WOODBINE | Tom Canning has long known there was a voter turnout problem in Camden County. Until this past week he feared there might also be a volunteer turnout problem.


Canning is one of a group of nine volunteers working to increase voter registration and participation in election throughout the county. He spoke Monday night at the St. Marys City Council meeting to say he was having trouble finding enough volunteers to staff his group’s booth at the Kingsland Catfish Festival during Labor Day weekend.

By Thursday, all the open slots were filled, Canning said in a phone interview.

His immediate volunteer problem solved, he said there is still plenty of work to be done to boost the numbers at voting precincts.

The group trying to solve that problem doesn’t have a name and its members don’t want one, he said.

“We are grassroots and non-aligned, just trying to increase participation,” Canning said, asserting that he has no political motivation other than to improve the county’s “abysmal” voter turnout.

As of Aug. 1 there were 24,790 registered voters in the county, according to data available form the Secretary of State’s website. That’s roughly 60 percent of the estimated number of residents 18 and older. Of those registered, only 18.63 percent bothered to vote in the May 20 primaries this year.

Although turnout increases for general elections, Camden County’s rate always trail the state numbers, Canning said.

In 2012, 66 percent of registered voters showed up at county polls. State turnout was 73 percent. In 2010, the last non-presidential general election, only 41 percent bothered to vote compared to the state turnout of 52 percent.
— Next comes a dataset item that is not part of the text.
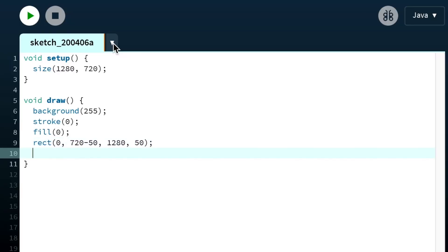Now we need to draw the square that will be jumping. Let's pick a colour — maybe a reddish colour?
Canning’s group grew out of the Camden Roundtable, a semimonthly breakfast meeting of concerned citizens who gather to discuss various local topics.

“About six months ago a group of [roundtable members] got together and said, ‘We share this common interest,’ ” Canning said.

Within a month the group was preparing a list of things they thought they could do to increase participation.

“Of course, voting apathy is such a monstrous problem there is not just one thing you can point to and say, ‘I’m going to fix that,’ ” he said.

But the group did decide they could make an impact at the July Fourth festival.

From the booth, members engaged passers-by and asked if they were registered to vote. They also offered to educate people about absentee and early voting.

Canning was also concerned that some residents in the county didn’t vote because they were unsure how to use the electronic voting machines.

To solve that problem he contacted county probate court Judge Robert Sweatt Jr. to ask about ways to educate the public.

“Come to find out they actually have a machine set up for purposes of training and demonstration,” Canning said.

Tanya Glazebrook, a group member who recently moved to the area from California, said she was skeptical of Canning’s plan at first. She just didn’t believe people were intimidated by the voting machines and needed to be shown how to use them.

“Before we started I said, ‘Tom, give me a break,’ ” she said. “We had a side bet going [on July Fourth] that he wouldn’t show many people how to use the machine.”

Glazebrook said she was shocked at a number of people said they would appreciate the help in learning how to vote on the machine.

“He won the bet,” she said.

She didn’t have hard numbers but said that, through their work at the booth on July 4, they were able to help dozens of people either register to vote or show them where online they could update their registration information.

“That’s quite an impact for one day,” Canning said.

The group is adding a few more days to its calendar prior to the November election. In addition to the upcoming Catfish Festival, they also plan to have a booth at the St. Marys Rock Shrimp Festival in October.